### REQUIRED WORK
The answer is the first line of the listing and every line after it through the one containing "Izabel, in the NICU in 2014.", exact, with pictures removed.

### PROVIDED ENTRIES
····················
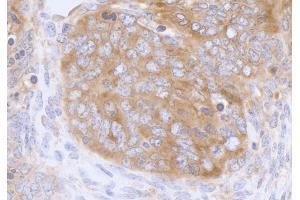 Immunohistochemistry (IHC) image for anti-Eukaryotic Translation Initiation Factor 3 Subunit A (EIF3A) (AA 860-910) antibody (ABIN7453842) (EIF3A 抗体  (AA 860-910))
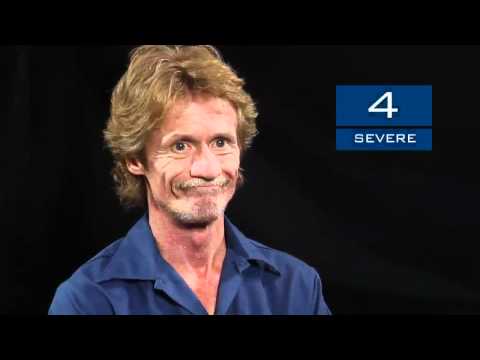 Drug-Induced Movement Disorders: DISCUS Sample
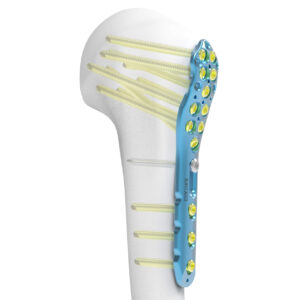 PHLP Proximal Humerus Locking plate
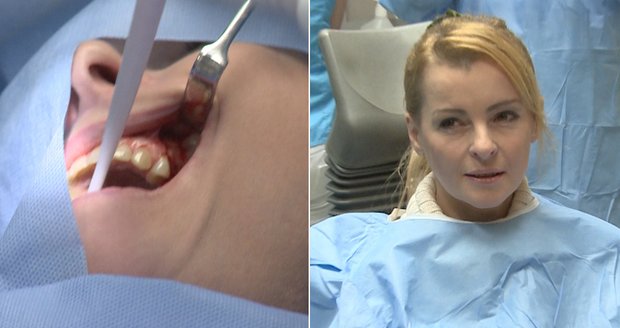 Bartošová nelenila a podstoupila operaci zubů.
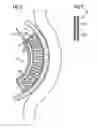 Fig. 06 - Infusion of drugs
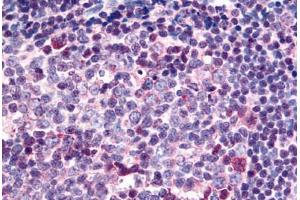 anti-Sterile alpha and TIR Motif Containing 1 (SARM1) (C-Term) antibody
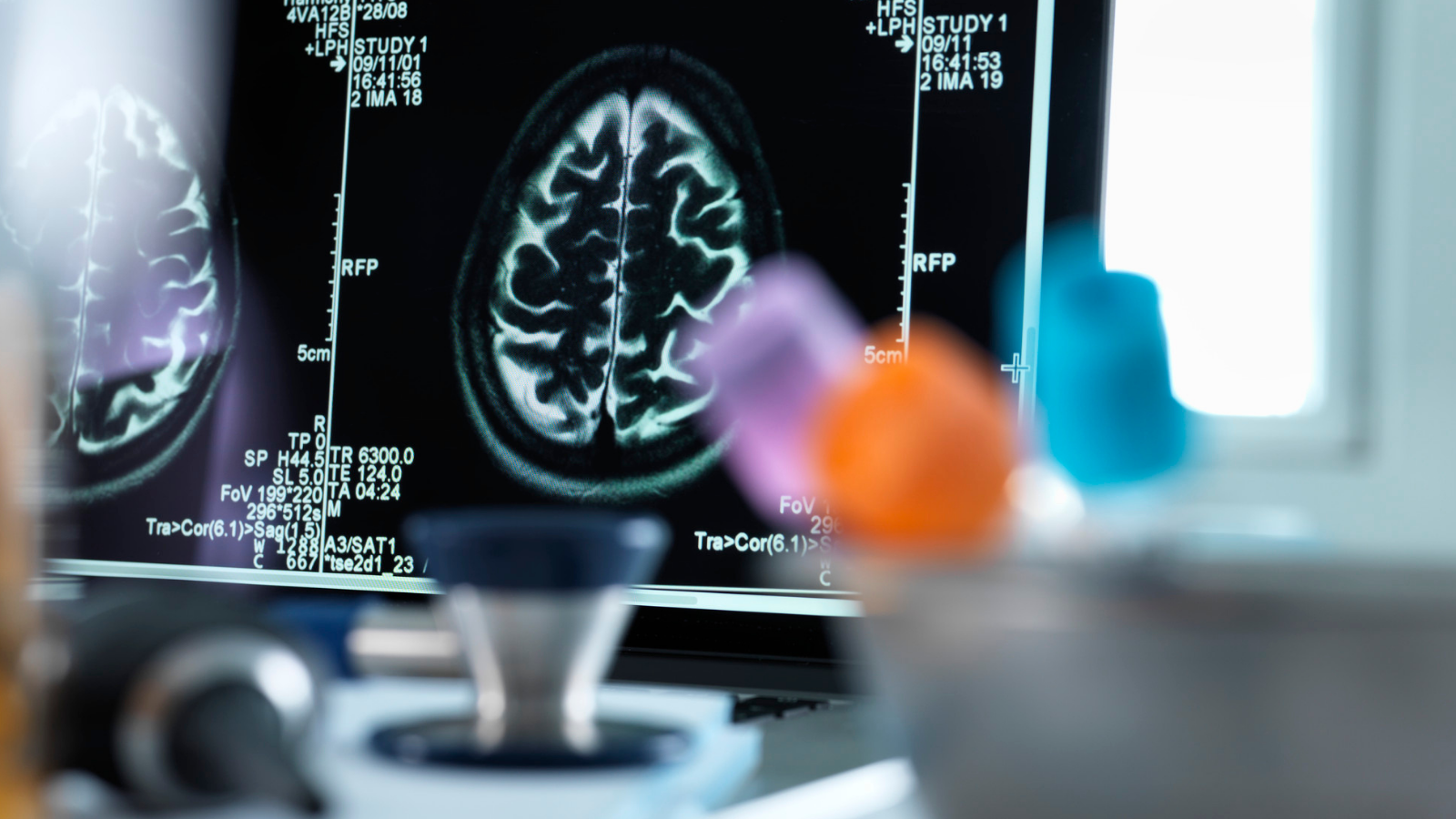 Unitat Clínica de Neuropsicologia i Neurociències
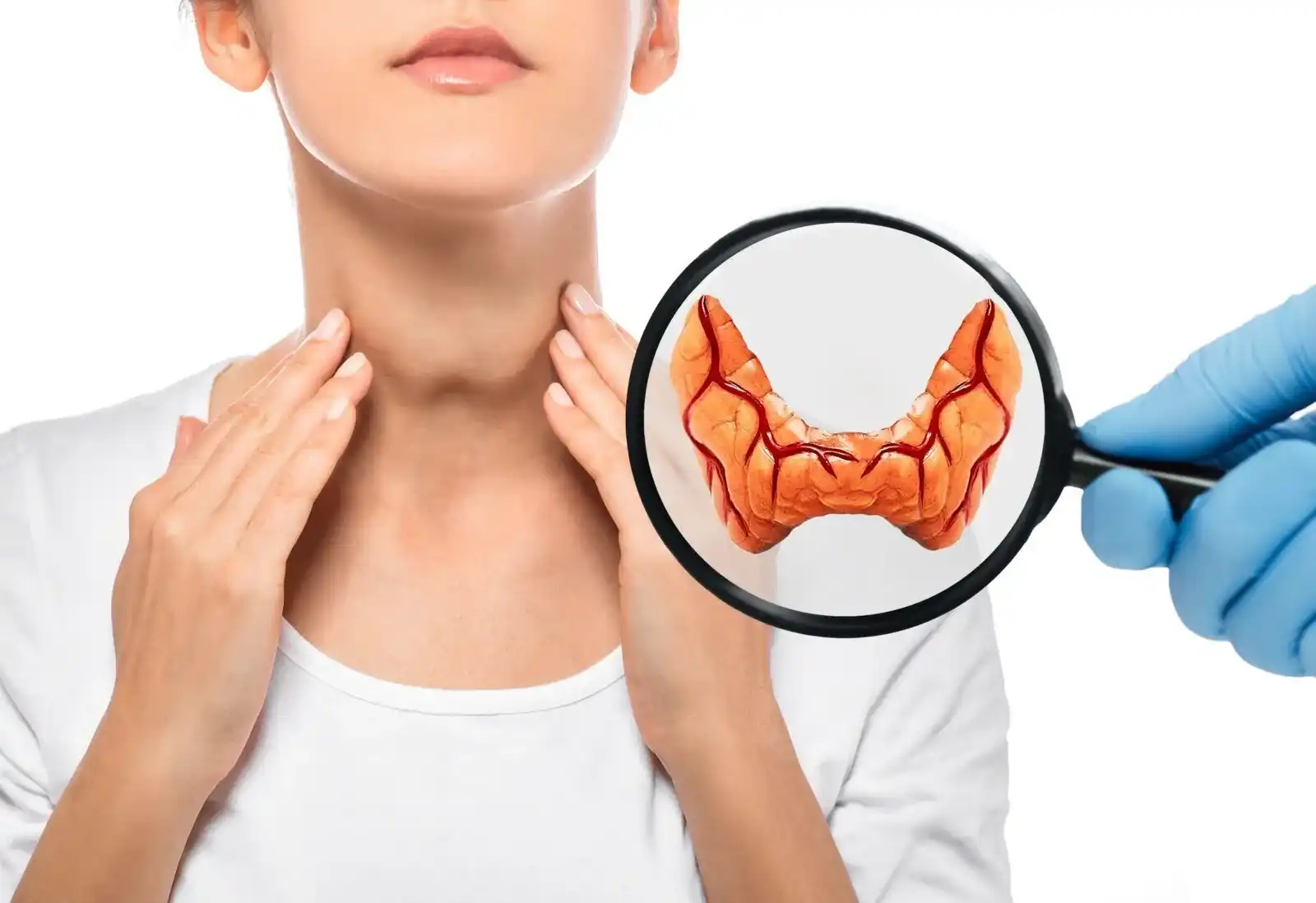hyperthyroidism-treatment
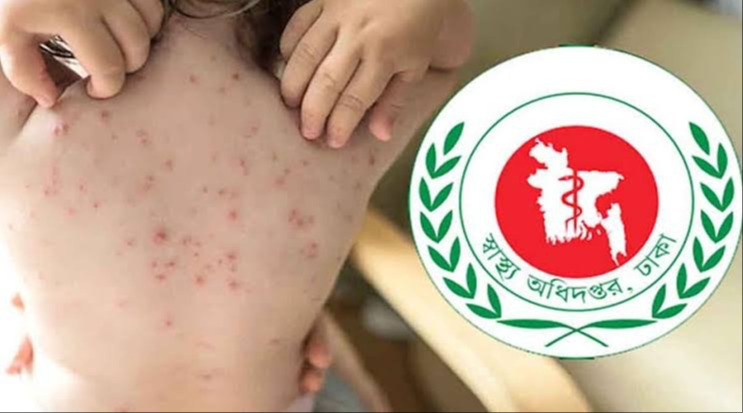 আক্রান্তের সংখ্যা বাড়ছে  হাম ও উপসর্গে ২৪ ঘণ্টায় আরও ১০ শিশুর মৃত্যু
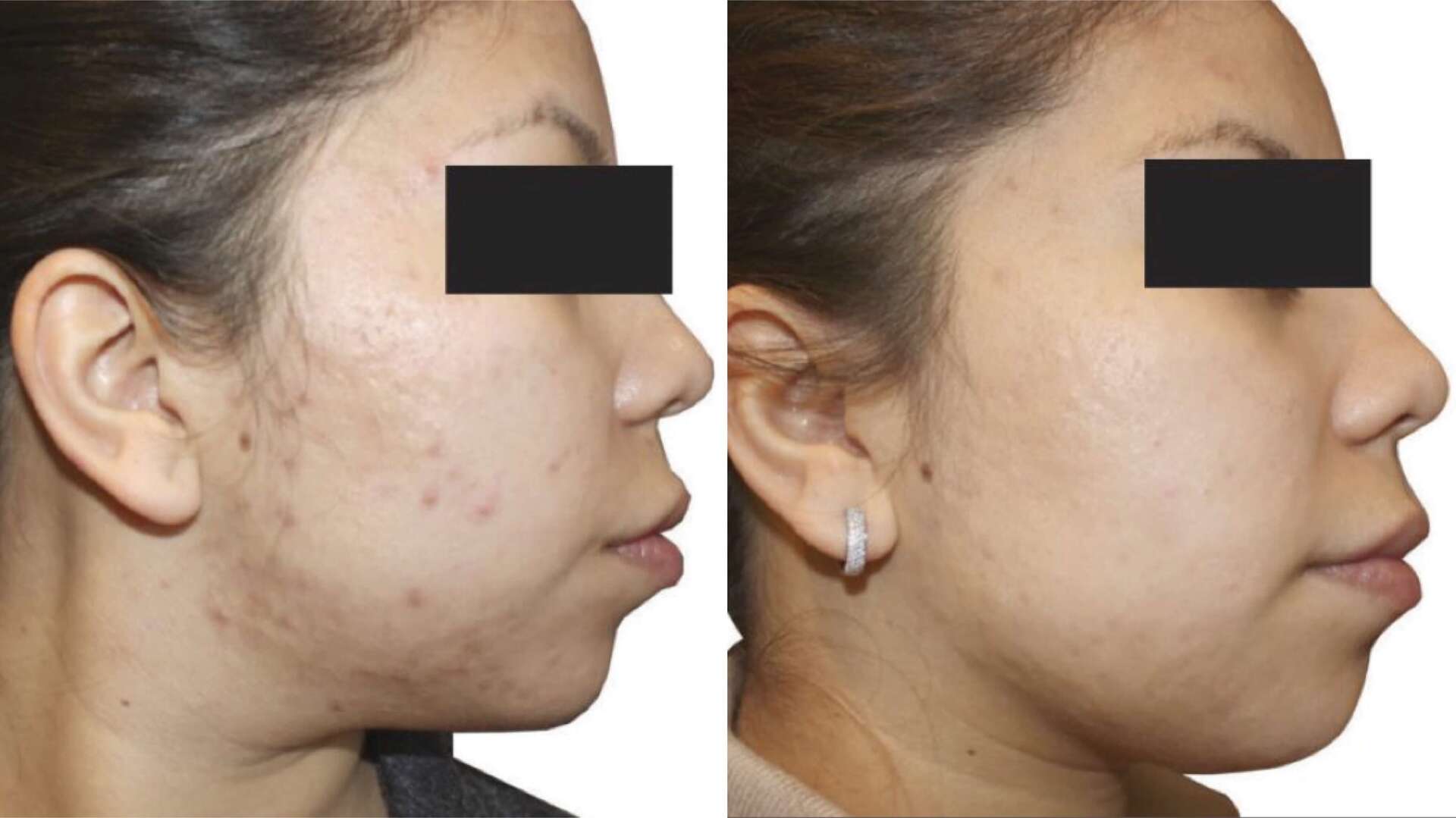 skin-glow-before-after-1
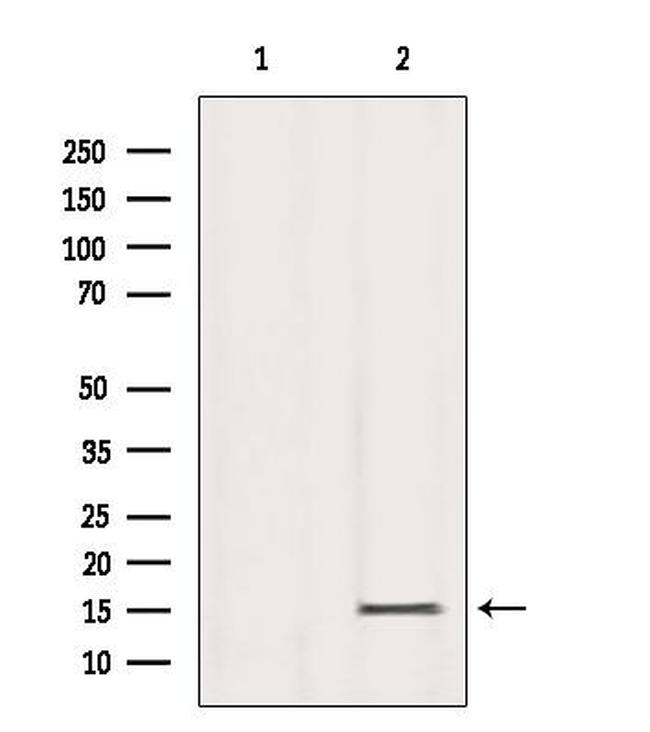 H3K79me3 Antibody in Western Blot (WB)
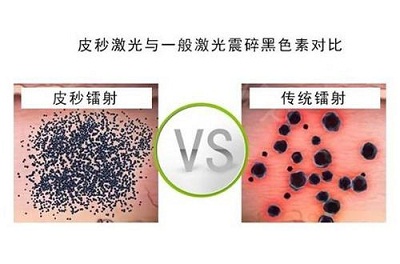 洗纹身原理-3.jpeg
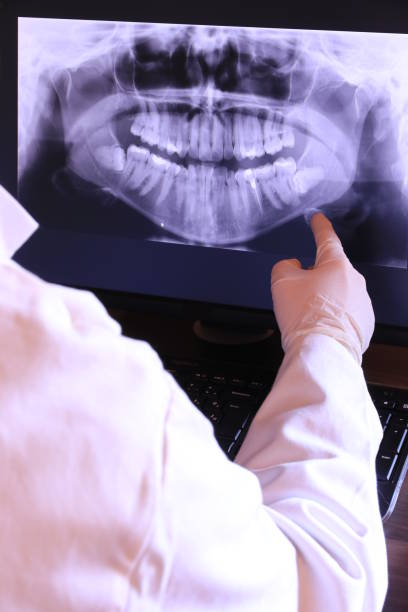 Best Emergency Wisdom Tooth Extraction in Azle, TX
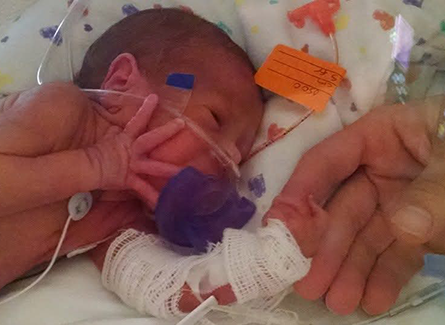 Izabel, in the NICU in 2014.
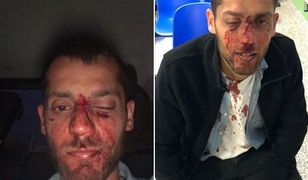 Atak na izraelskich studentów w Warszawie. Będzie śledztwo, jest reakcja Ambasady Izraela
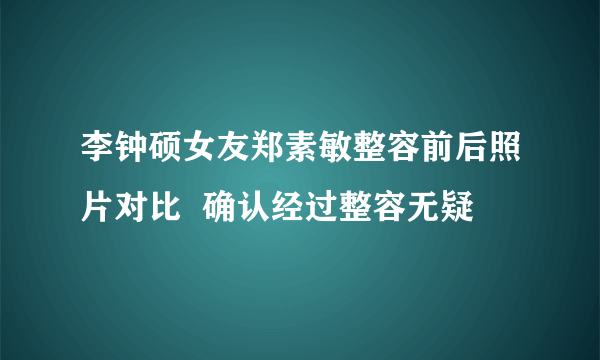 李钟硕女友郑素敏整容前后照片对比  确认经过整容无疑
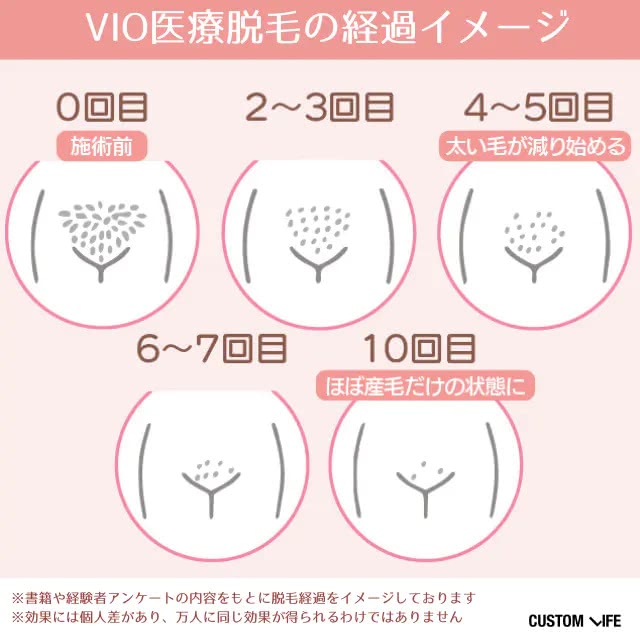 VIO脱毛の経過
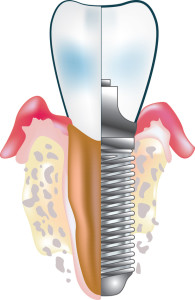 Progettazione impianti dentali - Implantologia estetica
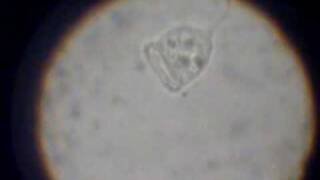 preview picture of video 'vorticella sp.'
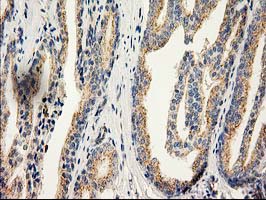 CAT / Catalase Antibody - IHC of paraffin-embedded Carcinoma of Human prostate tissue using anti-CAT mouse monoclonal antibody.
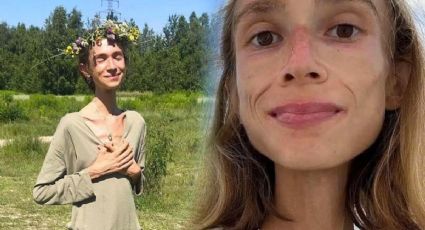 Muere mujer de 27 años que comía solo frutas y pesaba 22 kilos; ¿qué le pasó?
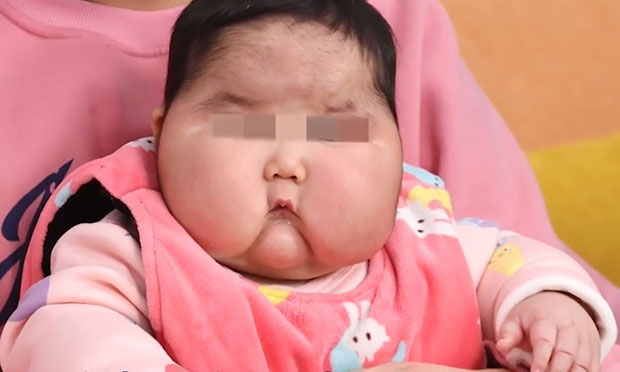  중국 호르몬크림 부작용 논란
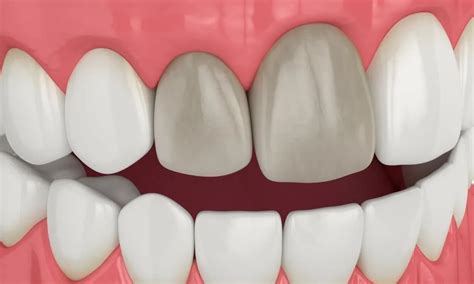 How To Treat Teeth Discoloration In Oshawa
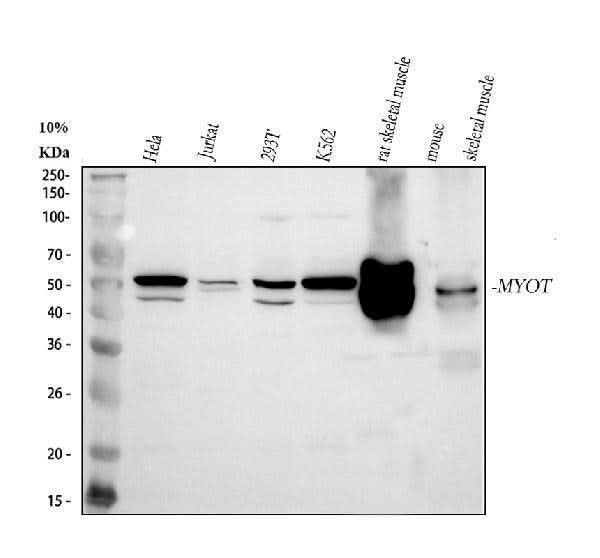 Anti-MYOT Antibody Picoband® Boster Bio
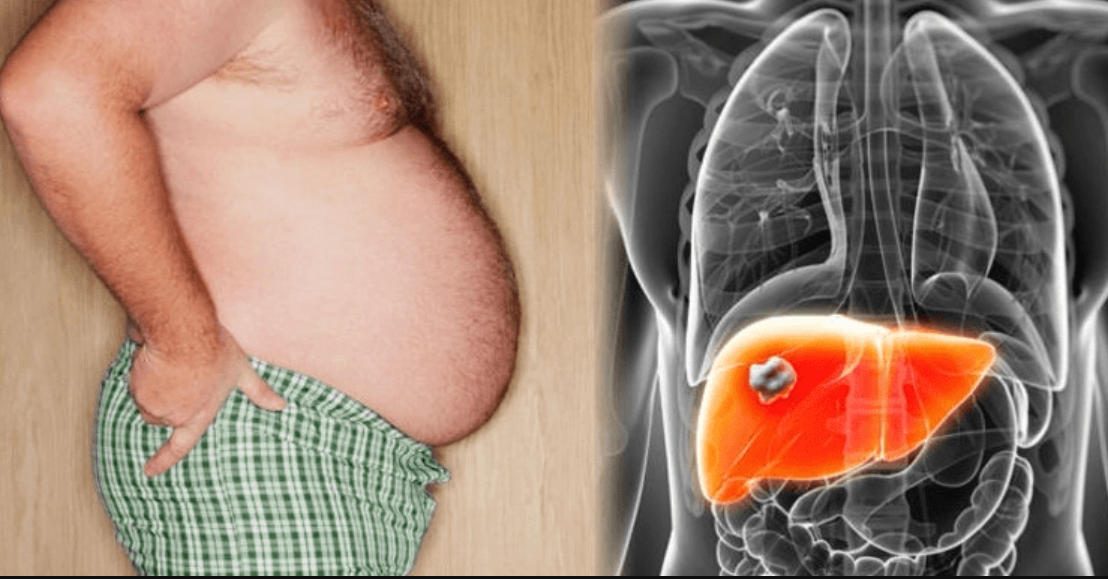 যেসব খাবার ফ্যাটি লিভারের জন্য দায়ী, লক্ষণগুলো কী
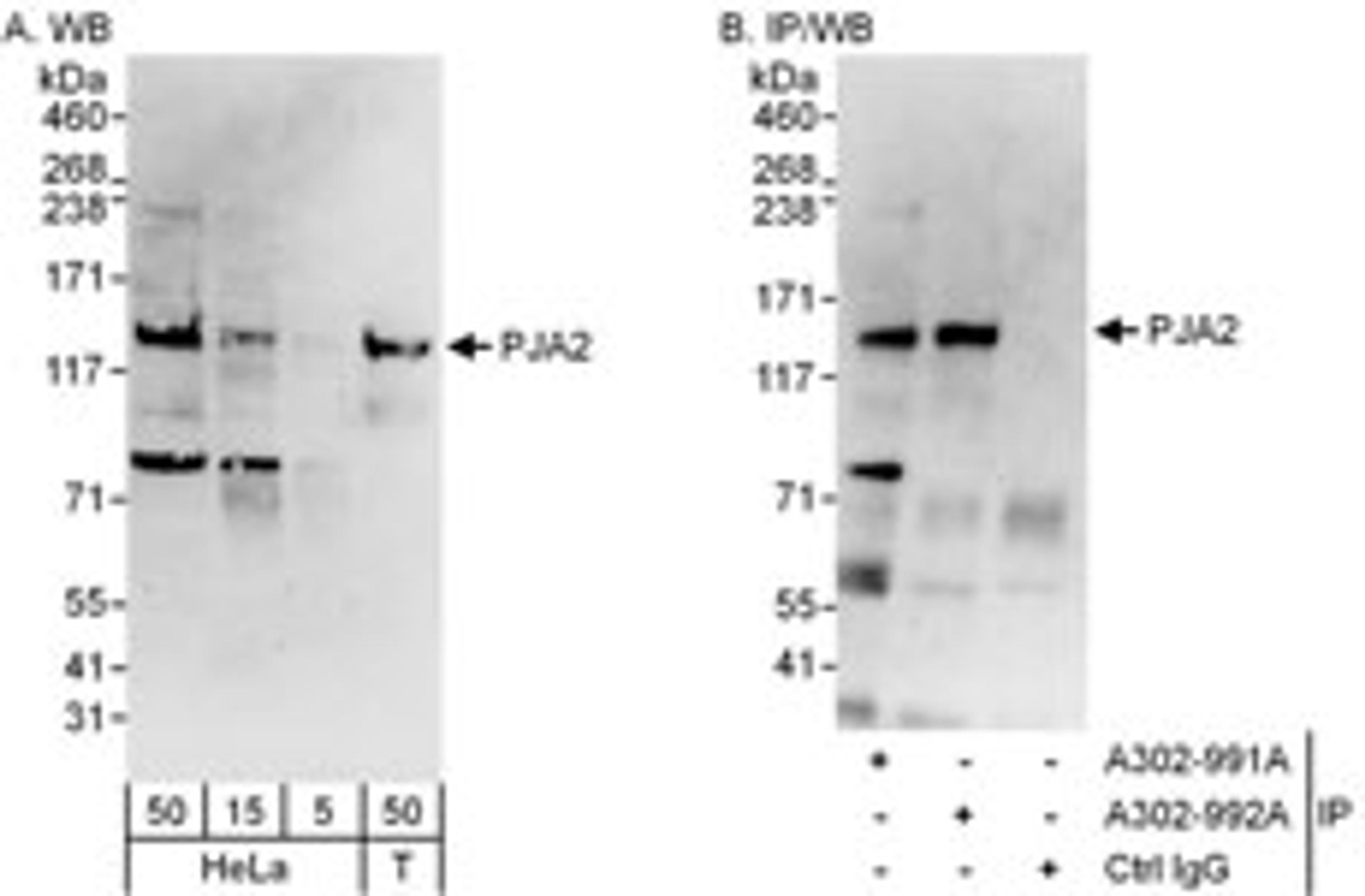 Detection of human PJA2 by western blot and immunoprecipitation.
····················
### EXERCISE ANSWER
 Immunohistochemistry (IHC) image for anti-Eukaryotic Translation Initiation Factor 3 Subunit A (EIF3A) (AA 860-910) antibody (ABIN7453842) (EIF3A 抗体  (AA 860-910))
 Drug-Induced Movement Disorders: DISCUS Sample
 PHLP Proximal Humerus Locking plate
 Bartošová nelenila a podstoupila operaci zubů.
 Fig. 06 - Infusion of drugs
 anti-Sterile alpha and TIR Motif Containing 1 (SARM1) (C-Term) antibody
 Unitat Clínica de Neuropsicologia i Neurociències
hyperthyroidism-treatment
 আক্রান্তের সংখ্যা বাড়ছে  হাম ও উপসর্গে ২৪ ঘণ্টায় আরও ১০ শিশুর মৃত্যু
 skin-glow-before-after-1
 H3K79me3 Antibody in Western Blot (WB)
 洗纹身原理-3.jpeg
 Best Emergency Wisdom Tooth Extraction in Azle, TX
 Izabel, in the NICU in 2014.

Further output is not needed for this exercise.